The shadow chancellor said “winning the global competition” to attract investment will require “new models of collaboration between government and investors” as she chaired the council’s first meeting in the City of London.
It comes as Prime Minister Rishi Sunak hinted at business tax cuts to boost economic growth in a speech earlier on Monday before the autumn statement later this week.
The prospect of giveaways comes ahead of a general election expected next year and with the Tories seeking a boost to turn around opinion polls which have shown consistent Labour leads.
Mr Sunak has met his own pledge of halving inflation in 2023 and said any tax cuts would come off the back of that, delivered “carefully and sustainably.”

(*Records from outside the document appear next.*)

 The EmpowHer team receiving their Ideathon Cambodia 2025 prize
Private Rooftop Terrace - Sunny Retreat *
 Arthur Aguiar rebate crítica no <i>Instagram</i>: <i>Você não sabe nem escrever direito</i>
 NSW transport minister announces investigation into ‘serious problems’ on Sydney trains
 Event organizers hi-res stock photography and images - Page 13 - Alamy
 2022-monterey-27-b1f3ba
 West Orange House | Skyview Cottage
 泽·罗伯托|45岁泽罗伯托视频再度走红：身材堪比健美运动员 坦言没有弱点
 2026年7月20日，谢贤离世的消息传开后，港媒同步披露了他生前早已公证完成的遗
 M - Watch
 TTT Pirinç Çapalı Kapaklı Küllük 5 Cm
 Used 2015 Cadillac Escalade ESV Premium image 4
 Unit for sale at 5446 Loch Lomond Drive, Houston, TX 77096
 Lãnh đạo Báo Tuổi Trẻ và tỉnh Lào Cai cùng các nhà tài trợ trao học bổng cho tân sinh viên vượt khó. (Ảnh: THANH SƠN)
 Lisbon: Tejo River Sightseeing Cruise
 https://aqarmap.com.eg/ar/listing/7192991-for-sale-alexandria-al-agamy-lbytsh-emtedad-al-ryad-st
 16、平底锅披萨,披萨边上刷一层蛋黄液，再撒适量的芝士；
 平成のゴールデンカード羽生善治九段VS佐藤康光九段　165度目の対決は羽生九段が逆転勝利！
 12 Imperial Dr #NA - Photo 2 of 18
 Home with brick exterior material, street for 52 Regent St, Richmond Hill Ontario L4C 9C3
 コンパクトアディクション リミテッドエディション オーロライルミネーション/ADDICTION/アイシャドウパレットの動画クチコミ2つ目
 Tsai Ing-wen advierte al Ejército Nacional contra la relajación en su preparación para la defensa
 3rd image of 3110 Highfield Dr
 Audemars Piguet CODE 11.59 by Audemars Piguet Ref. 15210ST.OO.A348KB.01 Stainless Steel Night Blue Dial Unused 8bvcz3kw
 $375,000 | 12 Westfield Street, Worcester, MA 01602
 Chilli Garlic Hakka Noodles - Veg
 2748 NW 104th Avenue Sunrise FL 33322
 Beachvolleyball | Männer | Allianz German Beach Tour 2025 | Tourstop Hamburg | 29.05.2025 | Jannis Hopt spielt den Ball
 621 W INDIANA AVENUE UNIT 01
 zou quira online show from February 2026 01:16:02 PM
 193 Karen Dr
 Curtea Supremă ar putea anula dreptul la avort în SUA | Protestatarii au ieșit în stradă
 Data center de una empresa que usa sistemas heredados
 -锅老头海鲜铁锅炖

Labour said the first meeting of the council had focused on “the potential for new financing mechanisms for infrastructure that can deliver viable investment models” and “how to ensure potential investors can better understand the Government’s strategic priorities for nationally significant infrastructure.”
“Under the right conditions, there are significant pools of private capital available to finance investment in critical national infrastructure, such as clean energy, transport and digital connectivity – all of which will serve to boost growth, raise productivity and create jobs,” Ms Reeves said.
“But winning the global competition to attract it will require new models of collaboration between government and investors. The creation of the new British Infrastructure Council will help to achieve that.”